Cicindela scutellaris:
Cicindela scutellaris, by far the most abundant species in southern Ontario's inland dunes, blowouts, and open sand roads, varies in background colour from purple to green, but can be easily recognized by the extensive white markings restricted to the edge of the wing covers. This common species can be found during most spring and summer months.

Cicindela formosa:
The most conspicuous tiger beetle of inland dunes and sand blowouts, especially those close to the Great Lakes, is our largest tiger beetle, Cicindela formosa. These big brown or reddish brown beetles are distinctive not only for their size, but also for the cream-coloured markings that extend in a broad band around the edge of the wing covers, and extend onto the wing covers as thick, finger-like extensions. These elegant beetles occur as far north as Orillia and Ottawa, but they are most common farther south where large numbers can be seen in spring.
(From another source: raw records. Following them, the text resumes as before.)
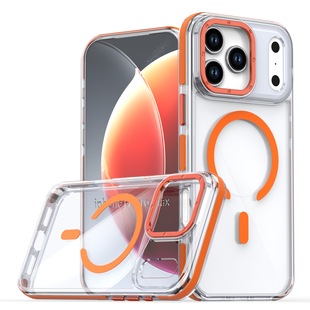 �m����O��iPhone17E�pɫӍ��͸�������֙C���ȸ�/MOTO��ˤ���o��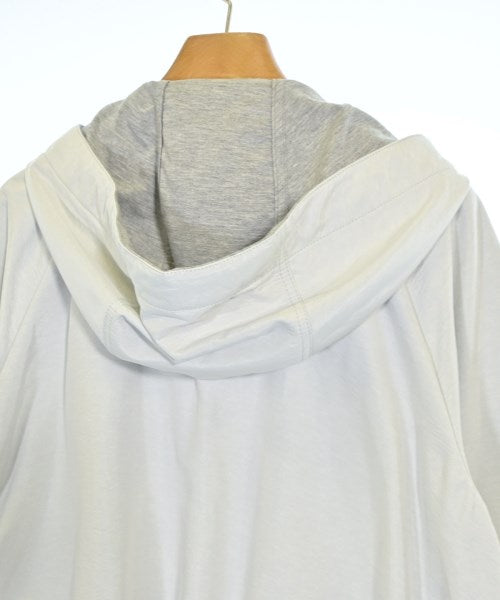 Marella Sport 其他飛行外套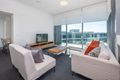 Property photo of 10801/8 Harbour Road Hamilton QLD 4007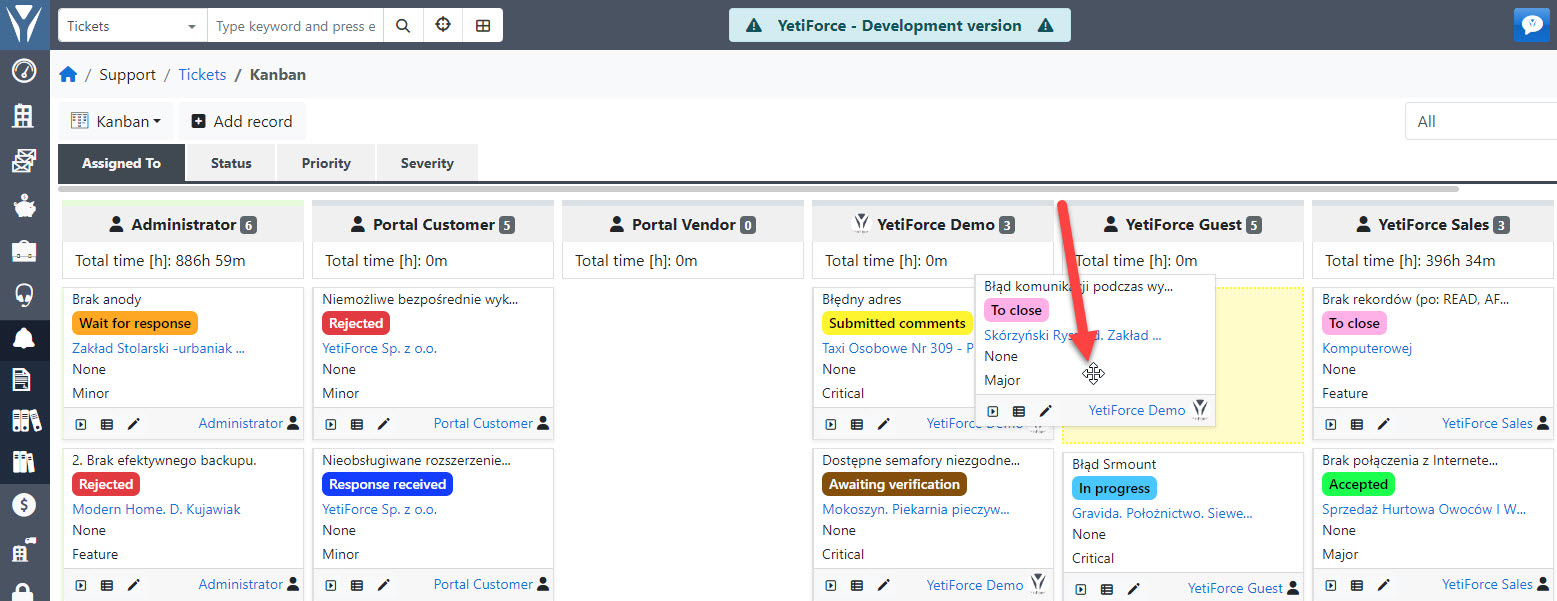 kanban-view-4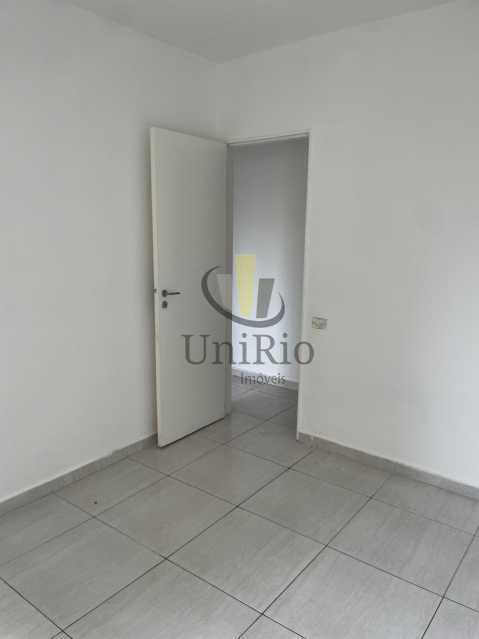 Conheça 8 do imóvel - Apartamento 2 quartos à venda Tanque, Rio de Janeiro - R$ 260.000 - FRAP22455 - 8 8 - 8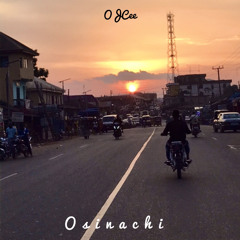 Osinachi
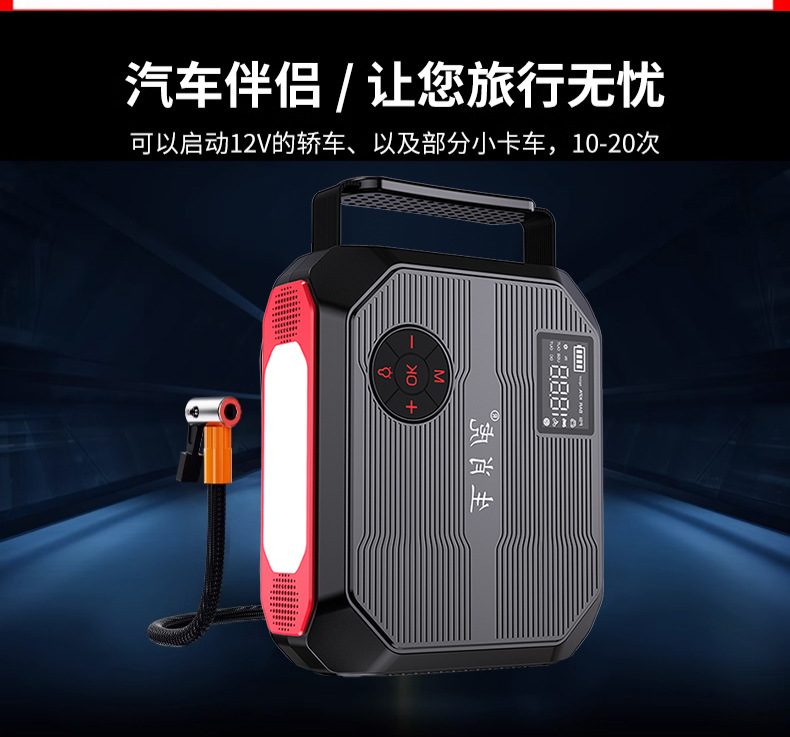 02086e928e10f5402b7975fb6d83d6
Some adults can still be found through to late August.

Cicindela longilabris:
Most of the conspicuous dune tiger beetles of southern Ontario drop  off as one heads north. For example, the sand dunes of the upper Bruce Peninsula are conspicuously devoid of the Cicindela formosa and C. scutellaris one would expect in similar habitats further south. The tip of the Bruce, however, supports some interesting northern insects, and the dunes of Bruce Peninsula National Park have recently been found to support Ontario's southernmost populations of Cicindela longilabris, the big, black tiger beetle typical of boreal regions of Canada. Also found on Manitoulin Island and in the Ottawa region, these beetles can be found from June till August. They prefer sunny spots in open coniferous forests, especially if there are small sand patches.

Cicindela purpurea:
Cicindela purpurea (the Purple Tiger Beetle) is a hard-to-find species that likes sparsely vegetated, non-sandy areas like blueberry fields, lichen barrens, and vegetated alvars. Purple tiger beetles are widespread but not common and only active in spring and fall. The Purple Tiger Beetle is somewhat similar to C. limbalis (The Green-margined Tiger Beetle), a similarly coloured species which differs from C. purpurea by having shoulder patches and much more extensive wing markings.Green-Margined Tiger Beetle).

Cicindela limbalis:
Cicindela limbalis, (the Green-margined Tiger Beetle) is one of our most attractive tiger beetles, with a purplish lustre and bold elytral markings. Although Green-margined Tiger Beetles are widespread in the province, they are rarely seen. Look for them in spring, especially on clay banks.